We are using VMware vCloud Director ver. 5.5.2.2000523, and are trying to develop a web application with VMRC SDK 5.5 for showing remote consoles of VMs running on the VCD.
We have tried vmrc-embed-example.html comes with the SDK (ver. 5.5).
If Firefox is used, till now, we can never get it run properly. When we click "getVersion", it returns "5.5.0.1879329". When we click "isReadyToStart", it returns "true". However, after we have set "VMRC modes", "Message mode", and "Advanced config", and then click "startup", it always returns "Error calling method on NPObject!".
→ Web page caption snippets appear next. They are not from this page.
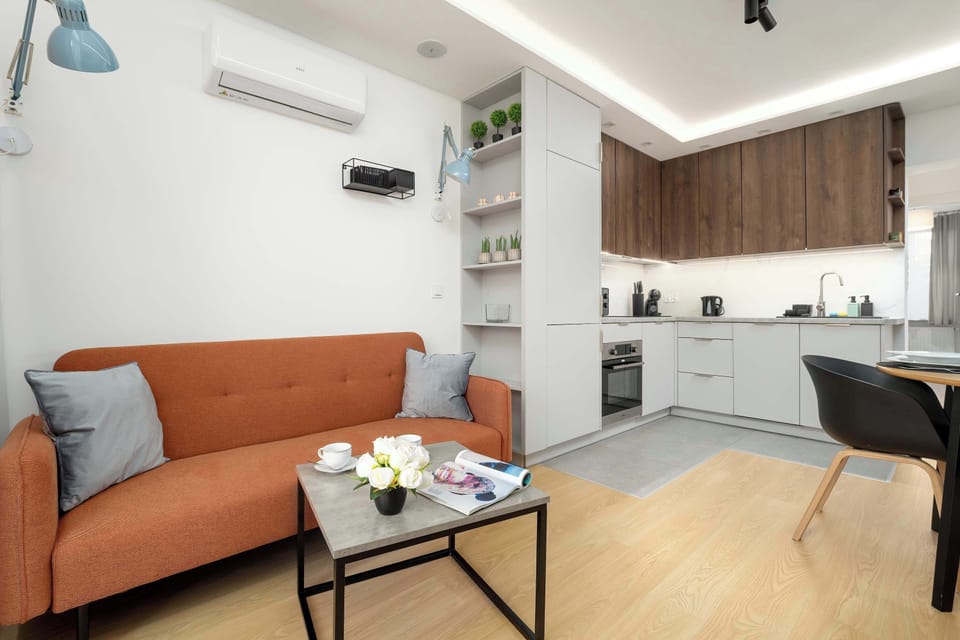 The kitchen and living area seen together, showing a harmonious and practical open-plan design. Light wood floors complement the white and wooden cabinetry.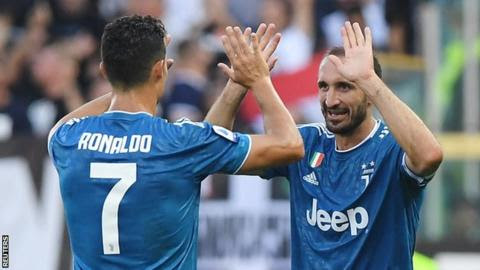 Giorgio Chiellini celebrates scoring with Cristiano Ronaldo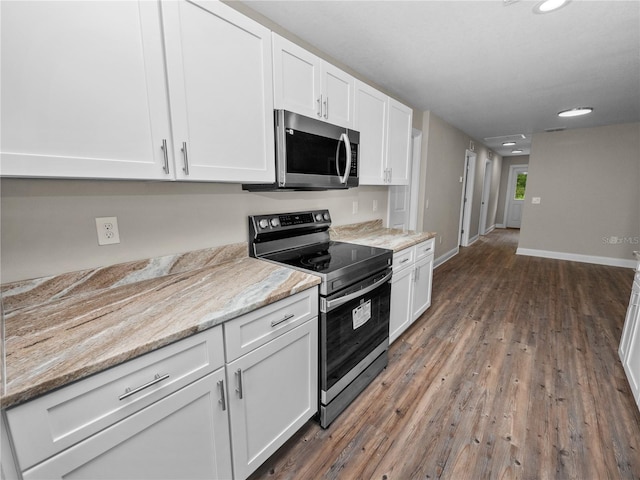 kitchen with light stone counters, dark wood-type flooring, electric stove, and white cabinets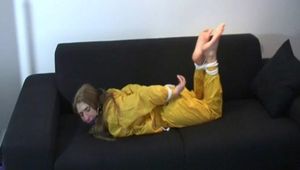 two short videos with our archive girls tid and gagged in shiny nylon rainwear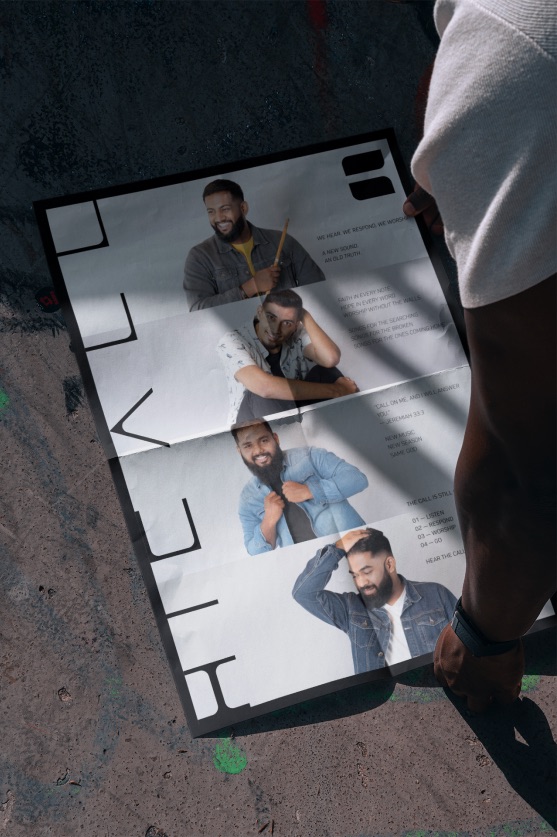Folded Hicall poster held over a concrete floor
If IE is used, the situation is a bit better. When we click "startup", it returns somewhat like "vmrc-ax-t-{FE4495D0-DFE7-47FB-B719-C4FDD53FDCDE}". However, we encounter another problem after then.
When IE is used, after entering the following:
Hostname: hostname returned by acquireTicket (mentioned in step 3), which is directly following "mks://" in those returned data
Ticket: ticket returned by acquireTicket, which is following "?ticket=" in those returned data
VM ID: VM id returned by acquireTicket, which is between hostname and ticket in those returned data
Then, we click "connect". Firstly, it responses as "connect succeeded". However, it becomes disconnected (onConnectionStateChange - connectionState: 1) then, and the reason is "An error occurred that affected the security of the connection".
Is there any advice for us to solve the problem?